Sorry if this is rant-ish
Anyway, I am trying to do a simple summary statistics on my data set. However, all of the variables are of type char when I need some of them to be numeric. So I am trying to change their type but for the life of me cannot figure out how. Furthermore, I am also overthinking it to some extent as the variable names in the table contain white spaces and the values are of the form: $65,000.00 -- with that said, to me at least I think I need to remove the dollar sign, the comma, and the decimal point and its following digits.
In the example to change types, all the data is being created in the proc and not pulled in from a table. I tried something like the following:
data work.import1;
set work.import1;
But I do not know how to reference the variables in work.import1 because of the whitespace.
To turn character variables that look like numbers into actual numbers, you could use the INPUT function.
There are examples at that link.
In order to reference variables that don't follow the naming convention rules you can use a SAS name constant.
For example, I want to create a new column called New which has the same value as my other one called A Column:
New= 'A Coulmn'n;
Put the variable name in quotes and put the letter n after the ending quote.
thank you!
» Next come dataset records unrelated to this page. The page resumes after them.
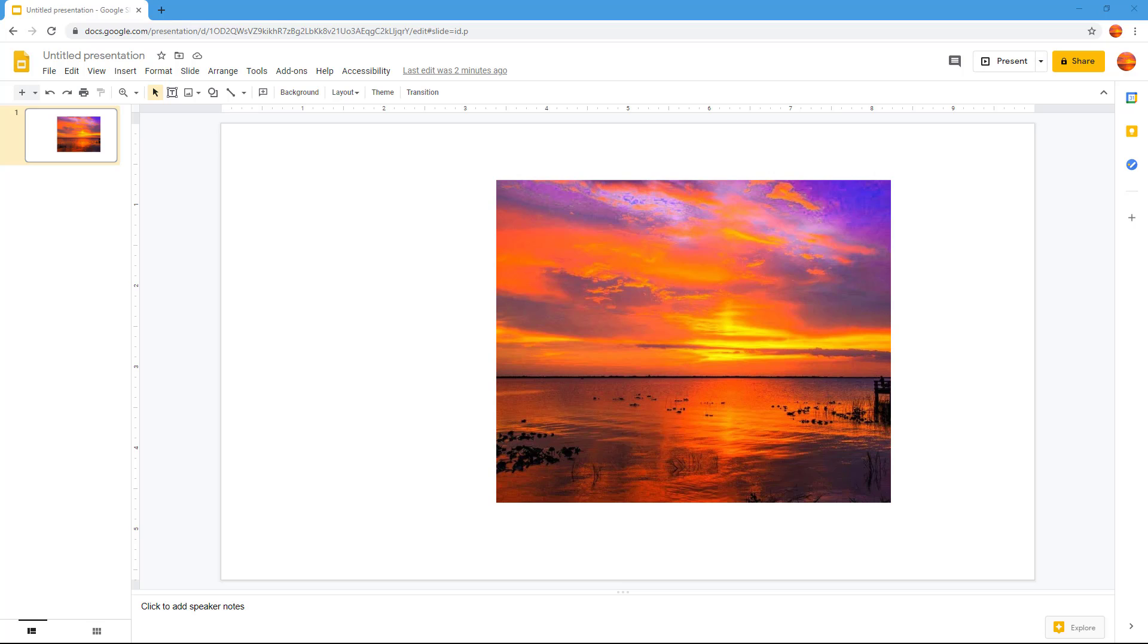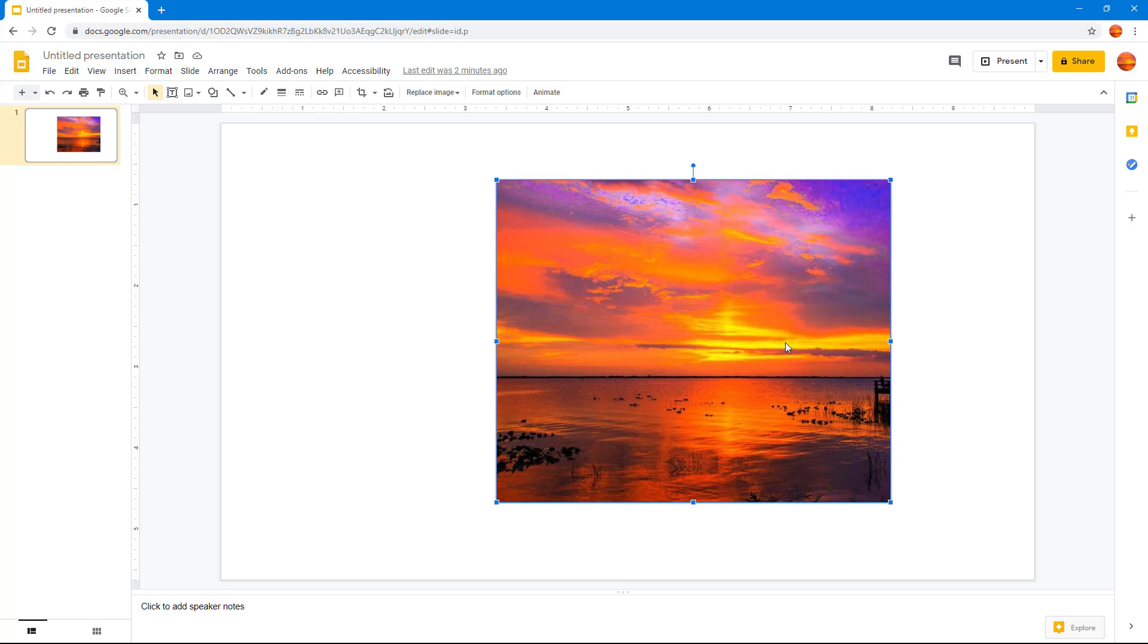Over here you can see that I have an image in a slide and what I want to do is replace it with another image on the same spot. So in order to do that,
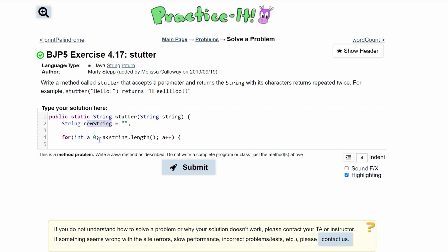Now we want to add the current character in our string to the new string every single time. The first time we go through this for loop we're going to add that character, then add it again — the 'e' and so on — but we're going to have to do it twice. So we'll do: new string += string.charAt(a). Since a starts at zero and increments, it's going to get the next index every single time.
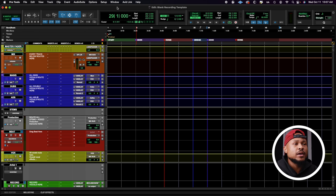This is the only recording template that you're ever going to need. I'm not even joking right now. Let's dive into it.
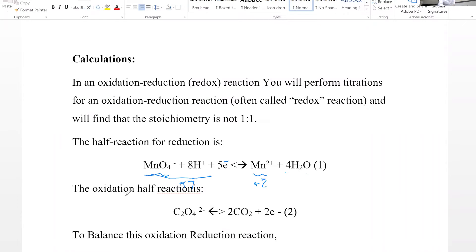For the oxidation half-reaction, oxalic acid goes to CO₂. After balancing everything, it requires two electrons. We have two carbons so we add two CO₂; carbon and oxygen are balanced. Then we balance charges: there are two negative charges on the product side, so we add two electrons to balance the oxidation half-reaction.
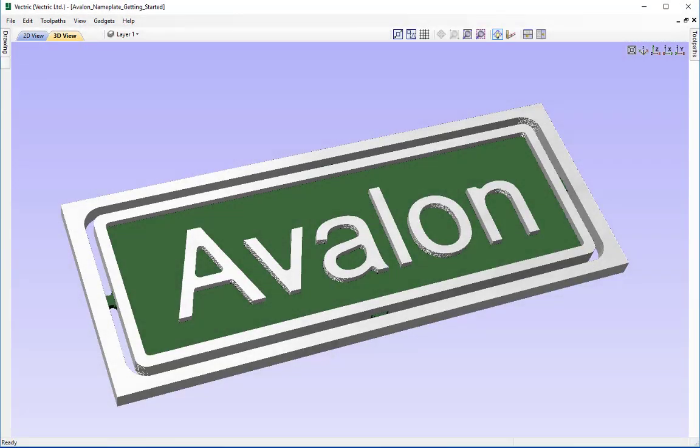In this tutorial, we're going to show you an example of creating vectors for this Avalon nameplate using simple rectangles and text. We're then going to take those vectors and walk you through creating some basic toolpaths for them, show you how to preview your toolpaths in a 3D simulation, check everything looks okay, and then show you how to save those toolpaths ready to send to the CNC.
As soon as I took a step back I found this was a common question. Although in what I found the way they have it listed is
'Name lastName'n = Name_LastName does SAS make a fuss if its this way I'm used to C so I think of it as your example, VARIABLE = EXPRESSION compared to EXPRESSION = VARIABLE. Or does it not matter in SAS?
@zsmith93 wrote:
thank you! As soon as I took a step back I found this was a common question. Although in what I found the way they have it listed is
'Name lastName'n = Name_LastName does SAS make a fuss if its this way I'm used to C so I think of it as your example, VARIABLE = EXPRESSION compared to EXPRESSION = VARIABLE. Or does it not matter in SAS?
A normal assignment statement in SAS has the target on the left and the expression on the right.
new_var = 'Silly Name for a variable'n ;
If you are trying to use a RENAME statement (or RENAME= option) then the old name is on the left and the new name on the right.
rename 'Silly Name for a variable'n = new_var ;
If you created the dataset using PROC IMPORT then try running that step again, only set the option VALIDVARNAME to V7. Normally then PROC IMPORT will convert your goofy names with spaces and other invalid characters into something that is easier to use.
options validvarname=v7;
proc import ....
If you have a variable named 'total cost'n that contains text like '$3,210.85' you can convert that to a new variable by using an INPUT() function call with the COMMA informat.
data want;
set have ;
total_cost = input('total cost'n,comma32.);
run;
Note that you need to make a NEW variable. You cannot change the type of an existing variable. You can use the RENAME statement to change the names if you liked the old name and want to keep using it for the new numeric variable.
What is your original data source?
Usually, the easiest and best solution is to read it in properly instead of fixing it after the fact.
@zsmith93 wrote:
Sorry if this is rant-ish
Anyway, I am trying to do a simple summary statistics on my data set. However, all of the variables are of type char when I need some of them to be numeric. So I am trying to change their type but for the life of me cannot figure out how. Furthermore, I am also overthinking it to some extent as the variable names in the table contain white spaces and the values are of the form: $65,000.00 -- with that said, to me at least I think I need to remove the dollar sign, the comma, and the decimal point and its following digits.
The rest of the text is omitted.